As a parent, one thing I try to remember is that I’m not the one up there performing. I can only do so much to help my kids be “recital ready.” Being that I have 3 boys and 1 girl, I’ve had many years of not having to worry too much about primping my sons to be looking their best. A lot of that is just easy since they are boys, but here are some tips I’d like to offer to make sure you and your child are ready for their upcoming recital:
- Encourage them to try their best. Sometimes things happen – mistakes happen. That’s life. Some of the best performances I’ve ever seen involve a performer moving on after a stumble. I never chide my children for their stumbles. The way I see it, I’m not the one up there facing the music (LOL) – or better said, playing the music. We can definitely talk about whatever didn’t go well – but it’s more like a “Well, that happened – and what could you do next time?” type of thing.
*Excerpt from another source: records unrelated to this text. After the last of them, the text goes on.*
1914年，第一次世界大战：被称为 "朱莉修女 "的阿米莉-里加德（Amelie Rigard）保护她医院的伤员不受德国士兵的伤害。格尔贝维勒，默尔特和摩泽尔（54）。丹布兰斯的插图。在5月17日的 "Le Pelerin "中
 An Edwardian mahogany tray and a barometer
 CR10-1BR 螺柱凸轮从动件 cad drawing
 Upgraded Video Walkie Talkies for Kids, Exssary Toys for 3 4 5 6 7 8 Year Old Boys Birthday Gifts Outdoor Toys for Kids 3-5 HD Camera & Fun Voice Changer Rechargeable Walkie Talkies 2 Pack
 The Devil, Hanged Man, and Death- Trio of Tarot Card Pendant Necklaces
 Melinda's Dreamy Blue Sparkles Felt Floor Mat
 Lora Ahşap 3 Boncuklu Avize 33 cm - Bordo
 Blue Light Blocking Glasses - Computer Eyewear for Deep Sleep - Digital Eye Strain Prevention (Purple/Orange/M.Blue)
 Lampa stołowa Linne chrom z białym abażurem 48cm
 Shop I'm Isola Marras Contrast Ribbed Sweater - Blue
- Have them practice taking a bow before and after they play. Chances are their teacher has worked on this with them – but it can’t hurt for you to double-check that they know to do it. MACSA’s Toni Salmons has a funny trick to getting your child to take a proper bow. She encourages her students to look down at their shoes while thinking to themselves (“Am I wearing shoes today?) and then to come back up with a smile thinking (“Yes, I’m wearing shoes today.”). It was a hilarious tool that worked for my kids. Another way to do it is to have them smile into the crowd, looking for your smile back to them. That way they don’t take the world’s fastest bow.
- Let your child pick out what outfit they are most comfortable in. That way they will feel good. Yeah, it needs to be a nice outfit (one that meets the guidelines of recital attire), so shop with their input. Maybe just wearing their favorite color will feel special. With my boys, I’ve had lots of fun over the years getting them unique music-themed bowties or regular neckties, having them wear Fedoras, suspenders, etc.
- Think of something special you could present to your performer afterward. Maybe a sibling or family member could give them a handmade card – saying how they love the music they make. Or maybe it’s a traditional bouquet of flowers. Or maybe you surprise them with their favorite candy. Or a special outing to their favorite restaurant. Whatever the case – marking the day with a little something out of the norm helps to create a lasting memory of their accomplishment.
- Soak up the memory. Each of my kids’ recitals is always better than the one before. I treasure their growth. Record it on your phone – horizontally so you can have the best set-up for posting it on YouTube. Keep recording a few seconds after they finish playing so you can include the applause. Remember, just the fact that your child is being asked to play in this recital is a huge accomplishment and it should be celebrated. Share that video with everyone. These kids are the next generation of amazing people – and the talent they possess is a marvel to behold.